Food Crime - 2 - Pizza Hut’s Bad Decision
Pizza Hut recently used their dark tricks to combine two things I love into a horrible amalgamation of despair and sadness, then they made me eat it and spend my extremely valuable time writing about it.
Introducing Food Crime entry number two: the Pizza Hut Stuffed Cheez-It Pizza.
A couple weeks ago I got a text from Zach where in which he informed me that Pizza Hut had somehow combined Cheez-Its and pizza into a new and exciting square. This was a move I was sure could not possibly, in this universe or any other, go right.
With that mindset, we headed over to our local Pizza Hut a few days later and gave it a try ourselves.

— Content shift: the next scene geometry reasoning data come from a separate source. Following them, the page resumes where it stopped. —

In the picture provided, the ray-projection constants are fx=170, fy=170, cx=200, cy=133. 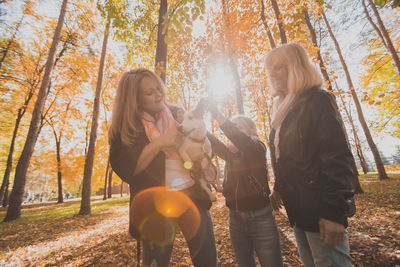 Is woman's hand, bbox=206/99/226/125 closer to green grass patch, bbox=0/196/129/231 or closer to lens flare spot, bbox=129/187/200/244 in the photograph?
lens flare spot, bbox=129/187/200/244

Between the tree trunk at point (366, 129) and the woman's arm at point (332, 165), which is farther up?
the tree trunk at point (366, 129)

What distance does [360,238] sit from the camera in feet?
13.5

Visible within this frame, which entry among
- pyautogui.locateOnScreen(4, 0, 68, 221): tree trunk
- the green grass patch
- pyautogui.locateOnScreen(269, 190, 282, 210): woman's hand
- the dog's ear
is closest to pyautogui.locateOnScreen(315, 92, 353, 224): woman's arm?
pyautogui.locateOnScreen(269, 190, 282, 210): woman's hand

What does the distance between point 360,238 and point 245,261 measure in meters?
4.04

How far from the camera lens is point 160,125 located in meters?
1.65

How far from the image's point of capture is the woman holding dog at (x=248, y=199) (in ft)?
6.35

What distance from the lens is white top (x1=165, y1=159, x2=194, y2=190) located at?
150cm

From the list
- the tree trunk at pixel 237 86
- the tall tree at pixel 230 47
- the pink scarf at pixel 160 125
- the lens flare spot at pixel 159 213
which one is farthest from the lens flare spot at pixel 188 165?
the tall tree at pixel 230 47

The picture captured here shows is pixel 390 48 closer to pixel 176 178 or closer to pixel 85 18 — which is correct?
pixel 176 178

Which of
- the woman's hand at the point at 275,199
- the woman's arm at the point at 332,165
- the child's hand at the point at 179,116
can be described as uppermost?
the child's hand at the point at 179,116

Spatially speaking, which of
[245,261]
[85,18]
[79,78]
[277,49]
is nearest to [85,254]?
[245,261]

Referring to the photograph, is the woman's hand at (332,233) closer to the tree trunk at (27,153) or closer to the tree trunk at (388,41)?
the tree trunk at (27,153)

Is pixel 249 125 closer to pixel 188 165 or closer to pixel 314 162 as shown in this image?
pixel 314 162

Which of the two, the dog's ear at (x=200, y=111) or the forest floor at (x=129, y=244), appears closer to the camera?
the dog's ear at (x=200, y=111) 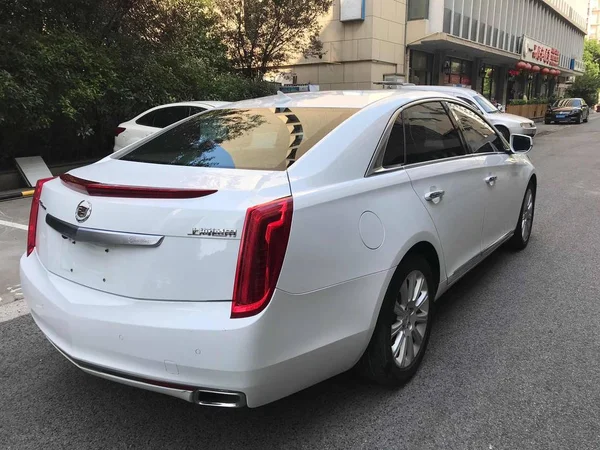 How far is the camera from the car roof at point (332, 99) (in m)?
3.24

Before we get into the review, however, let’s break down the name of this excruciating rectangle of “food.” The Stuffed Cheez-It Pizza. Stuffed it was, it’s basically a crust filled with cheese and, should you request it, pepperoni. That’s right— Pizza Hut will let you order a loose crust filled with melted mozzarella. That’s gotta be mentioned somewhere in the Geneva Conventions, right? Cheez-It? Not really. It’s shaped like a Cheez-It, which is more than I, as someone who made the decision to consume such a thing out of my own free will, probably deserves. The taste, however was NOT very Cheez-It-y, but more on that later.
Pizza? Well, that’s interesting. See, Pizza Hut obviously considers the Stuffed Cheez-It Pizza a pizza; it’s right in the name, after all. However, the only connection the Cheez-It Pizza has to actual pizza is, on the base model at least, mozzarella cheese. That means that, according to Pizza Hut, anything with mozzarella on it is a pizza, which is a terrifying idea.
The taste was something I like to imagine one day I will forget. It was like someone at Pizza Hut HQ decided to make a sad apple pie, but had to substitute Cheez-Its for its graham cracker crust, but then maybe it started storming and the thunder scared the employee? Or maybe it was fireworks? Either way they obviously got confused and ended up using cheese instead of apples and forgot what a pie is shaped like so they used a Hot Pocket for reference, basically ending up with a mushy Cheez-It sleeping bag for hot cheese, which they decided to just seal up and call it a day. Then, my guess is, their head cleared and they decided to quit and move states, but unfortunately they left their shame on a counter or something, and some executive found it and thought something along the lines of “I sure am tired of eating pizza for lunch everyday,” so they threw away their Italian sub and munched down on the first ever glorified Cheez-It flavored Hot Pocket, which then refueled said exec’s love of “pizza” so much they decided to share this new creation with the public, as if merely selling Pizza Hut pizza wasn’t punishment enough for the masses.
You know what really shakes me to my core, though? It wasn’t as bad as it could’ve been. Sure, the marinara dipping sauce was so sugary that it tasted like the pizza sauce from a Lunchables, but the square itself wasn’t overly horrible. Sure, Cheez-Its and pizza separately are both better than Pizza Hut’s bad square, but it didn’t revolt me quite like the Burger King Taco did. More than anything, the worst part of the Stuffed Cheez-It Pizza is that it was allowed to exist. Its mere presence on the same plane of existence as me is an insult to everything I stand for, which is why I hate it so much.
Anyway, the final score comes out to 7/10. Pizza Hut really set out to make something horrible, they just forgot to make it quite bad enough. Maybe that’s just impossible to do with anything pizza-related, though. If nothing else, the Stuffed Cheez-It Pizza sets the bar low enough that I really am interested to see what Pizza Hut decides to do next.